## Problem:
Your reply should reproduce the data below without a single alteration, apart from dropping the images.

Stored records:
□ □ □ □

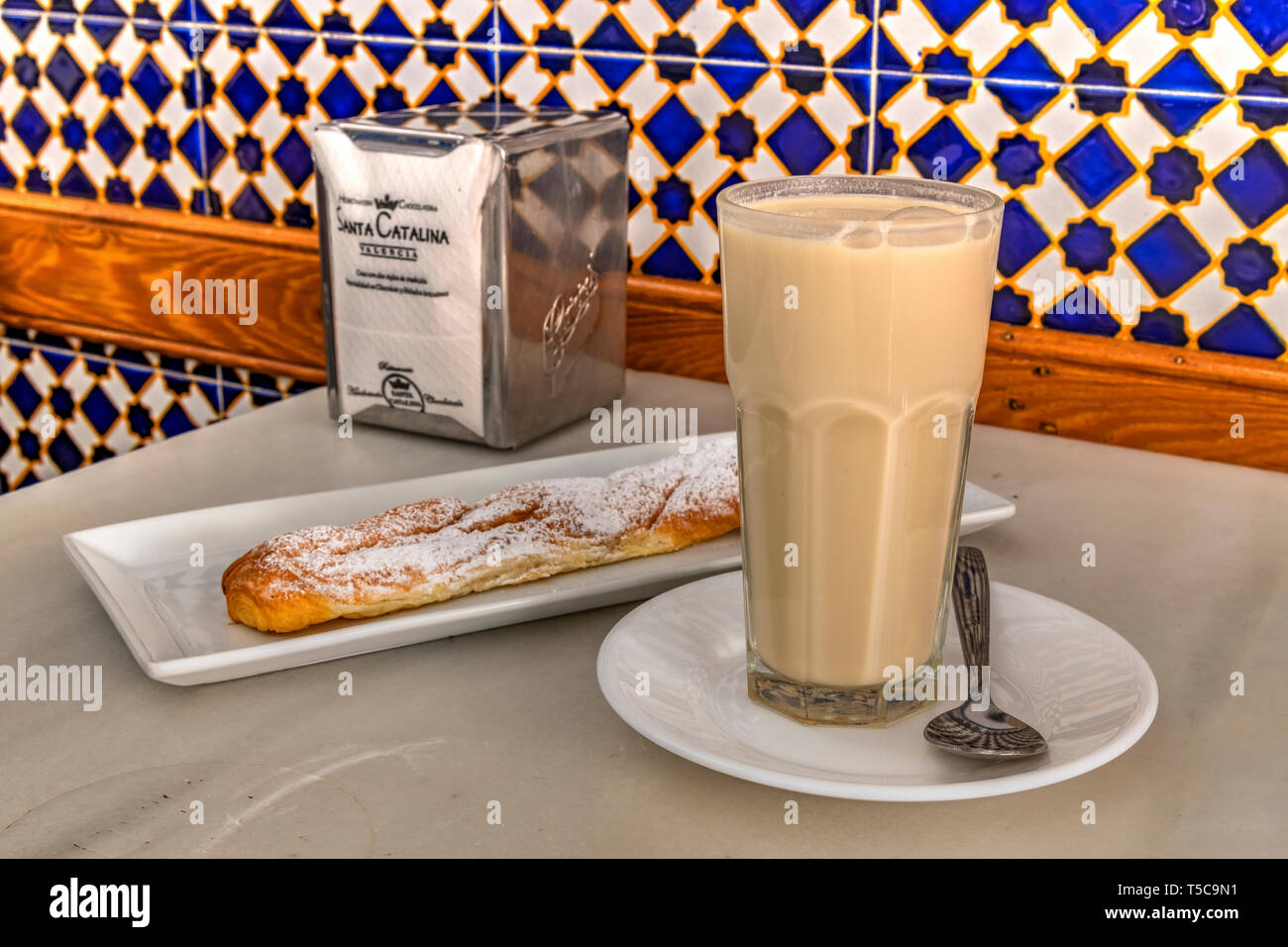 Glass of orchata de xufa and farton sweet, Horchateria Santa Catalina cafe,  Valencia, Comunidad Valenciana, Spain Stock Photo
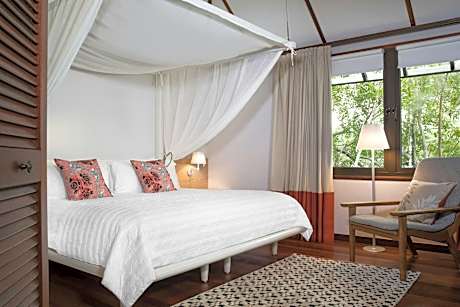 Coconut Bungalow Suite, Guest room, 1 King, Garden view, Terrace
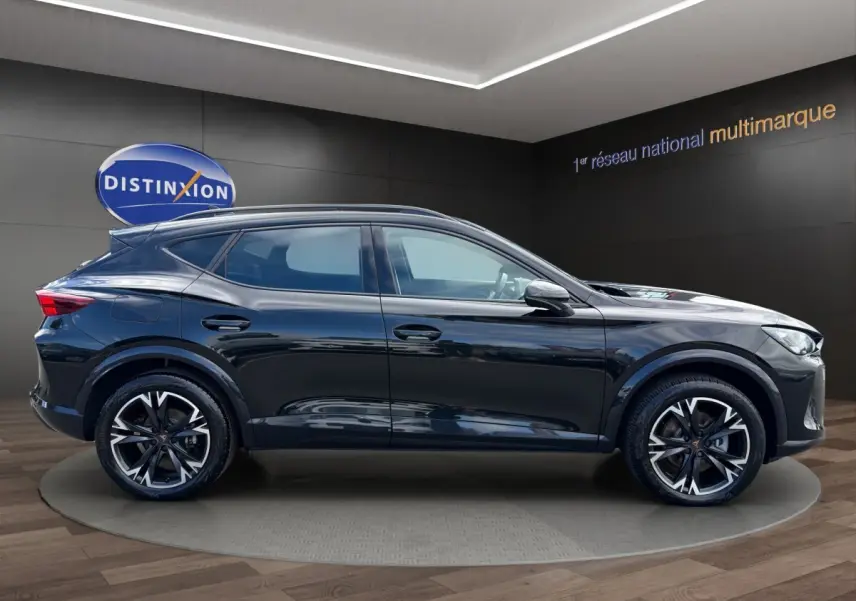Vue latérale droite d'un CUPRA Formentor noir brillant avec jantes alliage distinctives en showroom.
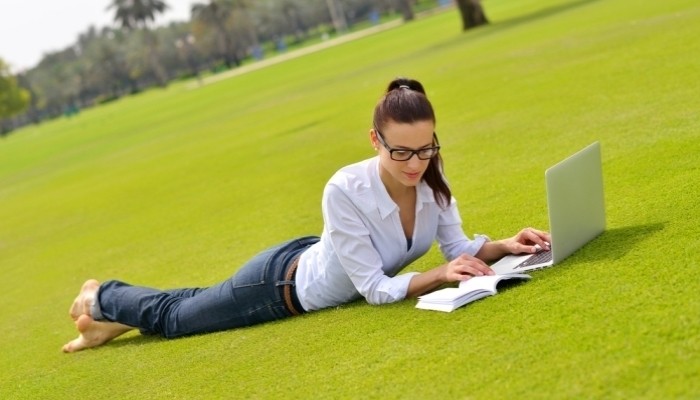 happy young student woman with laptop in city park study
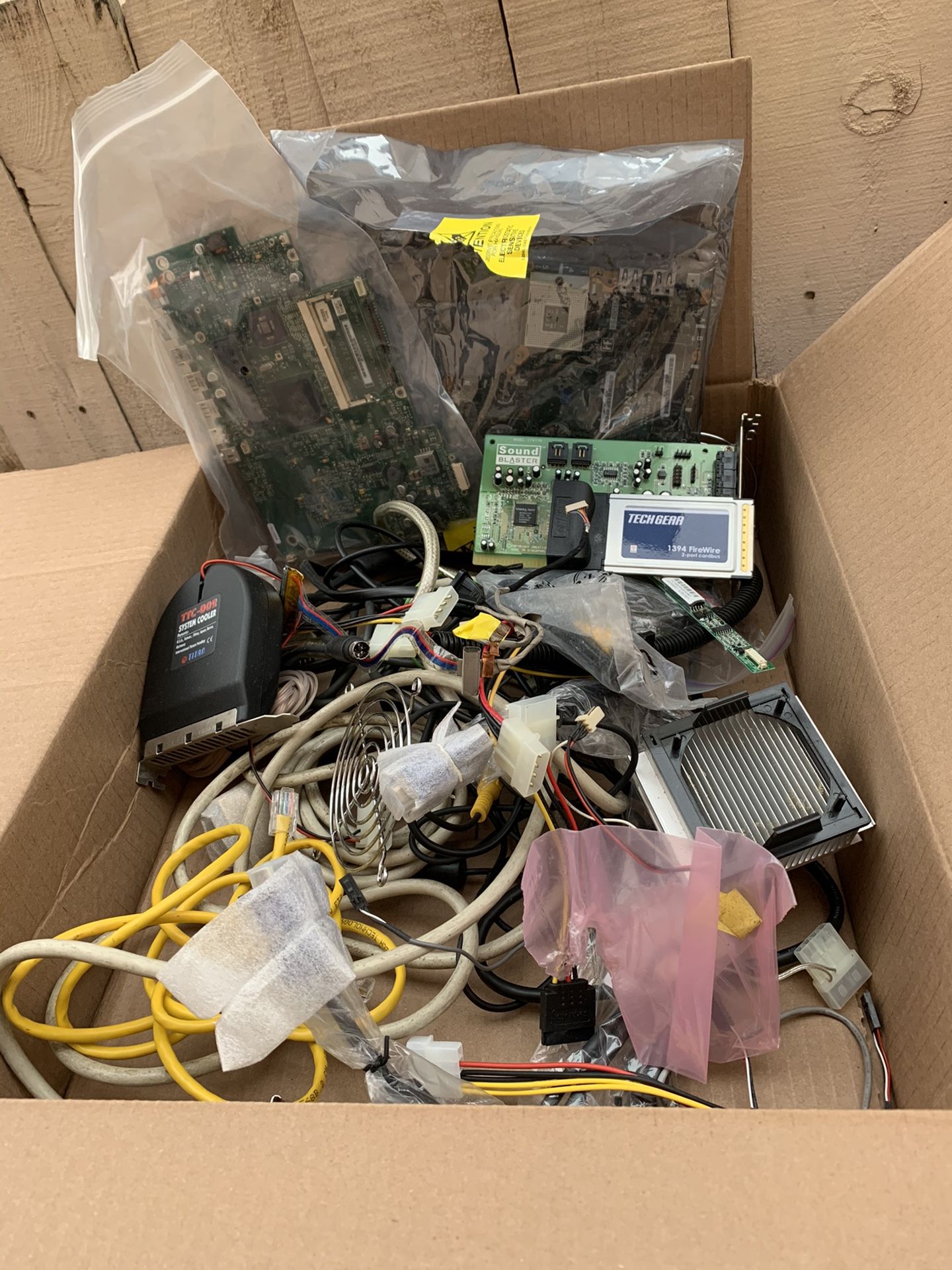 Box of cables and PC parts.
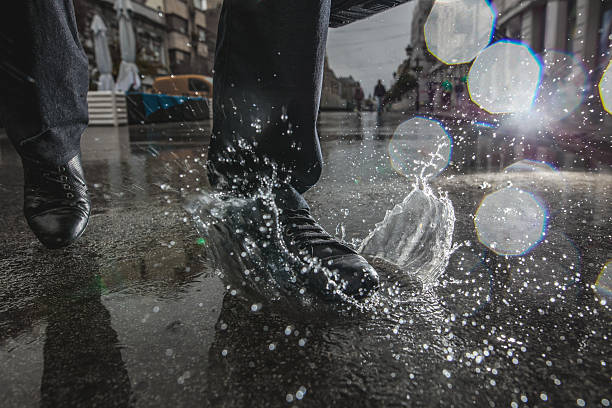 Dirty shoes in the rain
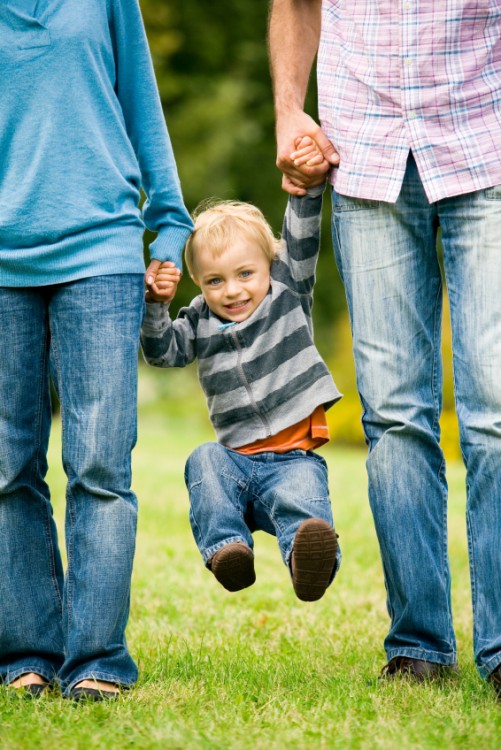 Dos personas balanceando a un niño directamente de las manos 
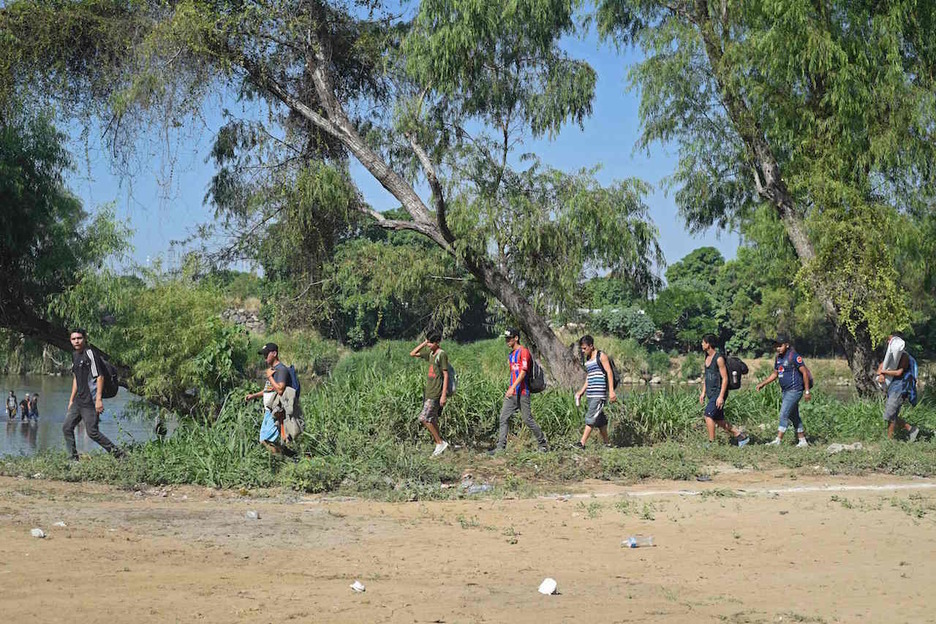 Caminando por la orilla del río Suchiate. (Alfredo ESTRELLA/AFP)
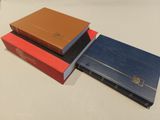 three books are stacked on top of each other on a table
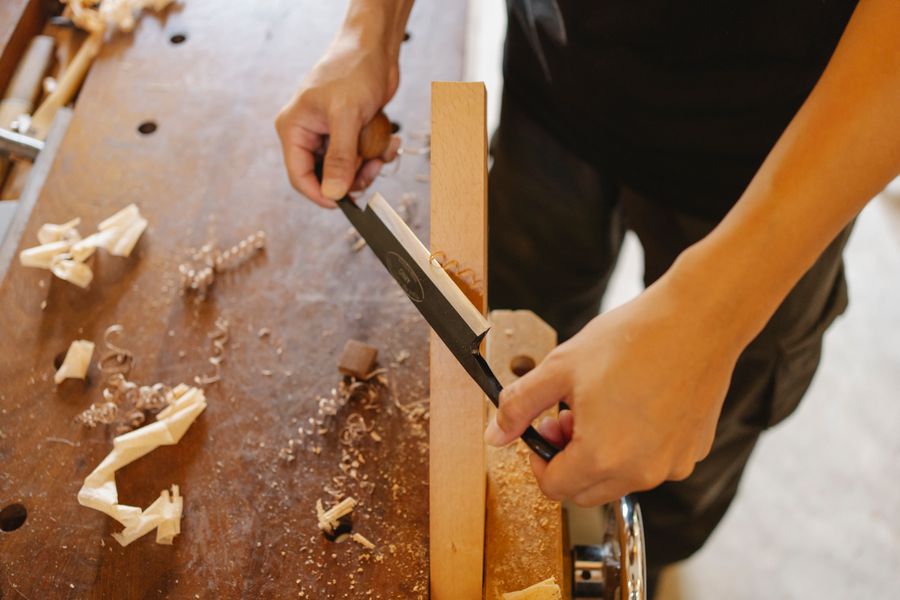 Timber being shaped with a hand plane
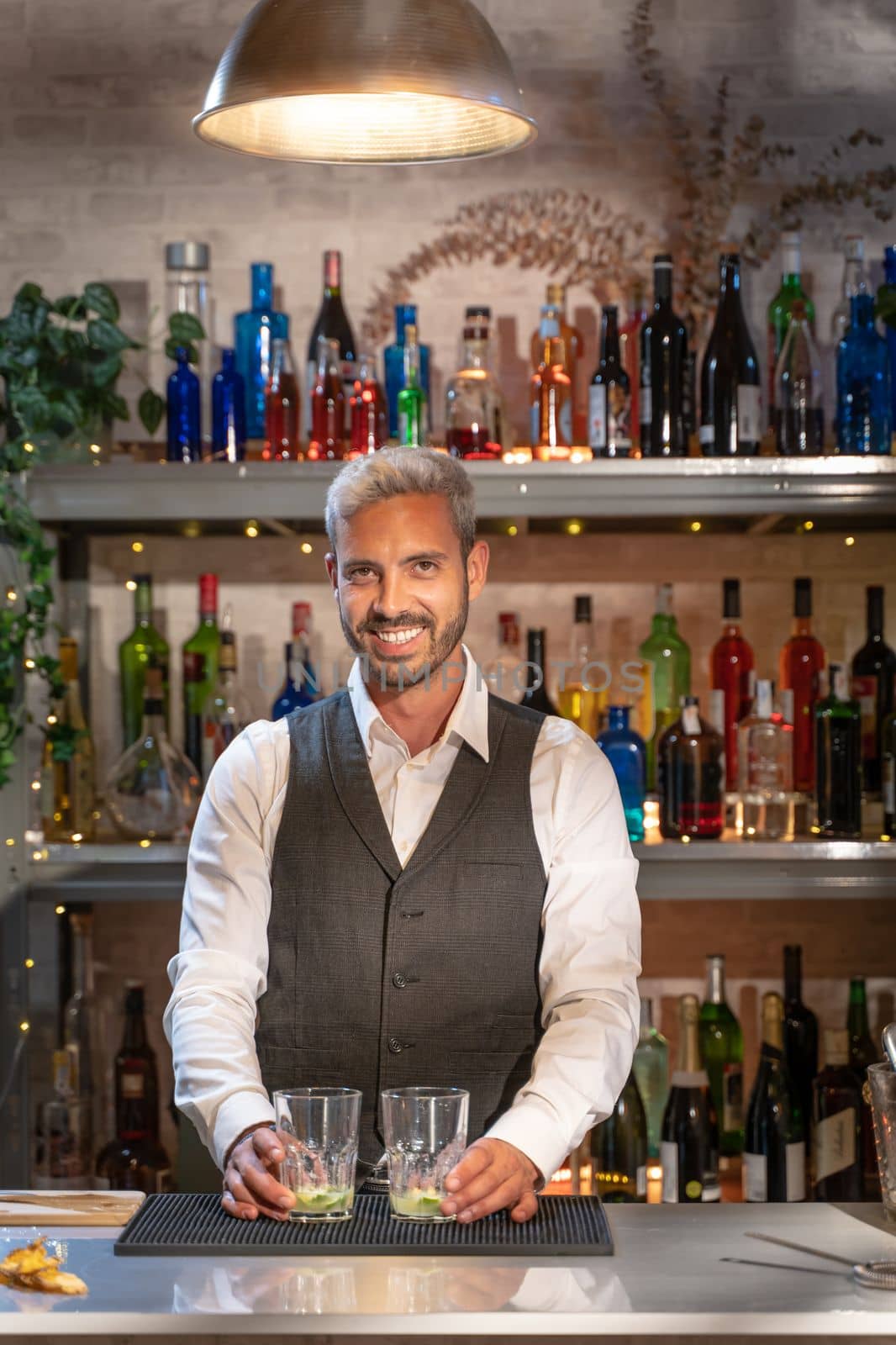 Elegant barman smiling on bar counter. by PaulCarr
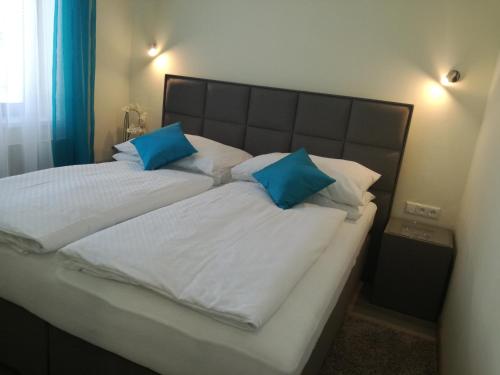 a bed with two blue pillows on top of it at garni Hotel S.O.G.* * * in Trenčín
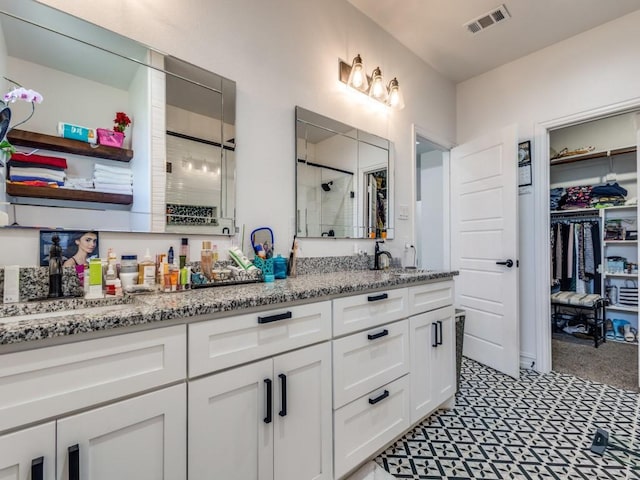 bathroom with double vanity, visible vents, a spacious closet, a stall shower, and a sink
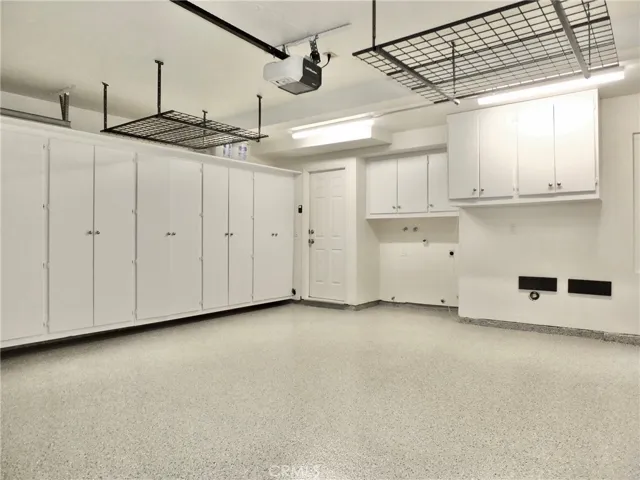 Built-in cabinets, laundry equipment space & access door to kitchen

□ □ □ □

## Written reply:
 Glass of orchata de xufa and farton sweet, Horchateria Santa Catalina cafe,  Valencia, Comunidad Valenciana, Spain Stock Photo
 Coconut Bungalow Suite, Guest room, 1 King, Garden view, Terrace
Vue latérale droite d'un CUPRA Formentor noir brillant avec jantes alliage distinctives en showroom.
 happy young student woman with laptop in city park study
 Box of cables and PC parts.
 Dirty shoes in the rain
 Dos personas balanceando a un niño directamente de las manos 
 Caminando por la orilla del río Suchiate. (Alfredo ESTRELLA/AFP)
 three books are stacked on top of each other on a table
 Timber being shaped with a hand plane
 Elegant barman smiling on bar counter. by PaulCarr
 a bed with two blue pillows on top of it at garni Hotel S.O.G.* * * in Trenčín
 bathroom with double vanity, visible vents, a spacious closet, a stall shower, and a sink
 Built-in cabinets, laundry equipment space & access door to kitchen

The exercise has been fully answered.